Epilepsia partialis continua (EPC) is a rare form of focal status epilepticus. We describe a 22-year-old woman with EPC manifesting with isolated toe movements, prevalent over the left side and initially misdiagnosed as psychogenic, clinically almost indistinguishable from those observed in "painful legs and moving toes syndrome". The continuous involuntary movements with EMG correlates of twitches lasting <100 ms, the sharp waves over fronto-central regions on EEG, and the marked asymmetry in somatosensory evoked potentials with higher cortical amplitude over the right side following peripheral stimulation over the left foot confirmed the epileptic nature of the symptoms, leading to the diagnosis of EPC. The toe movements were markedly reduced following steroid therapy, whereas the infusion of immunoglobulins caused aseptic meningitis.
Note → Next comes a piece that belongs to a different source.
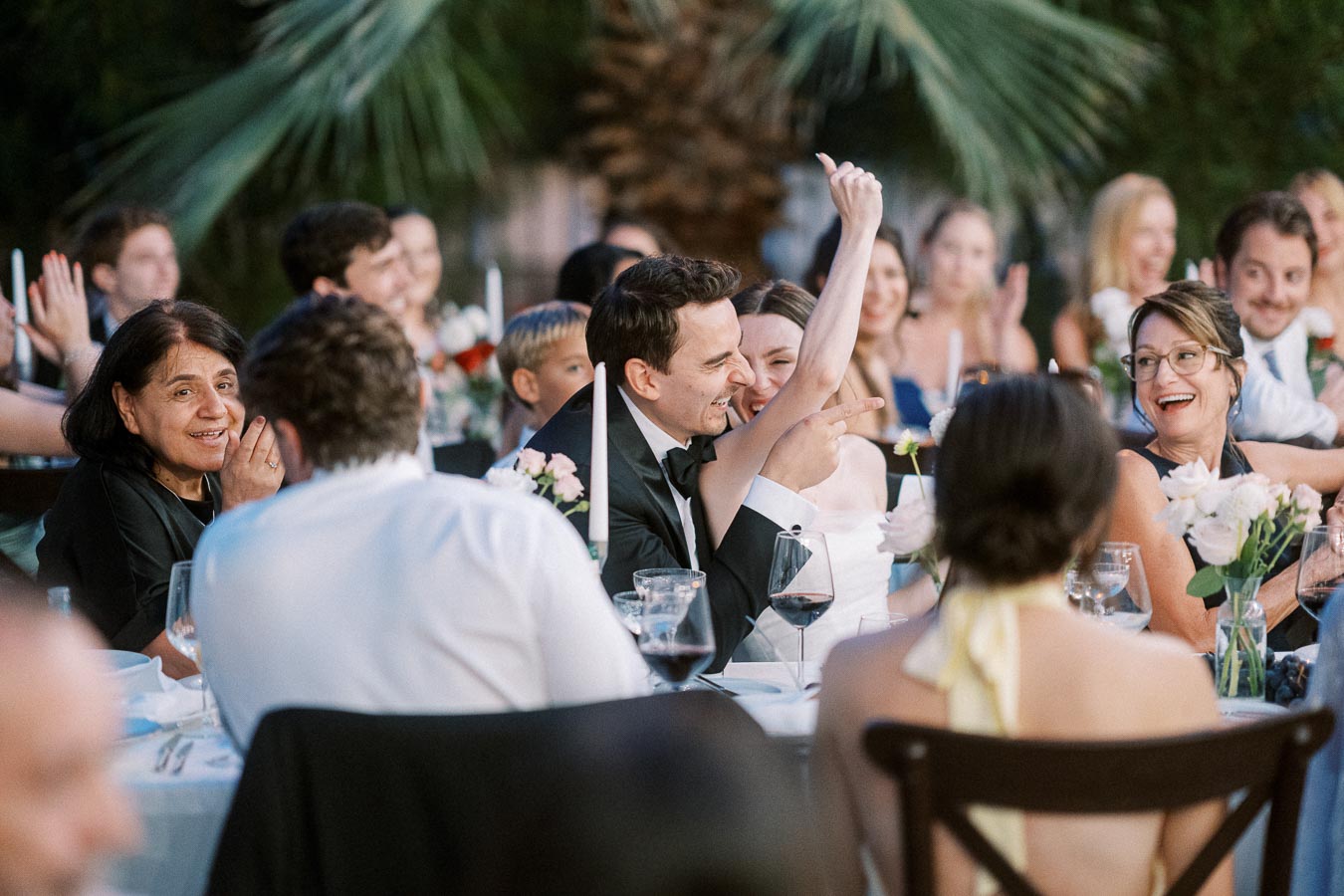 Guests enjoying a joyful moment during an outdoor wedding reception, seated at a table with elegant decor, including flowers and wine glasses, with palm trees visible in the background.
Despite an extensive diagnostic work-up (including a search for antibodies for paraneoplastic and autoimmune encephalitis), an ultimate aetiological diagnosis was not reached, although the dramatic response to corticosteroids strongly supported an underlying dysimmune pathophysiology. Diagnosing EPC can be challenging, especially if movements are confined to a very small body region or strongly resemble movements encountered in other conditions. EEG-EMG monitoring should be performed in patients with continuous involuntary muscular jerks in order not to overlook a diagnosis of EPC. [Published with video sequences on www.epilepticdisorders.com].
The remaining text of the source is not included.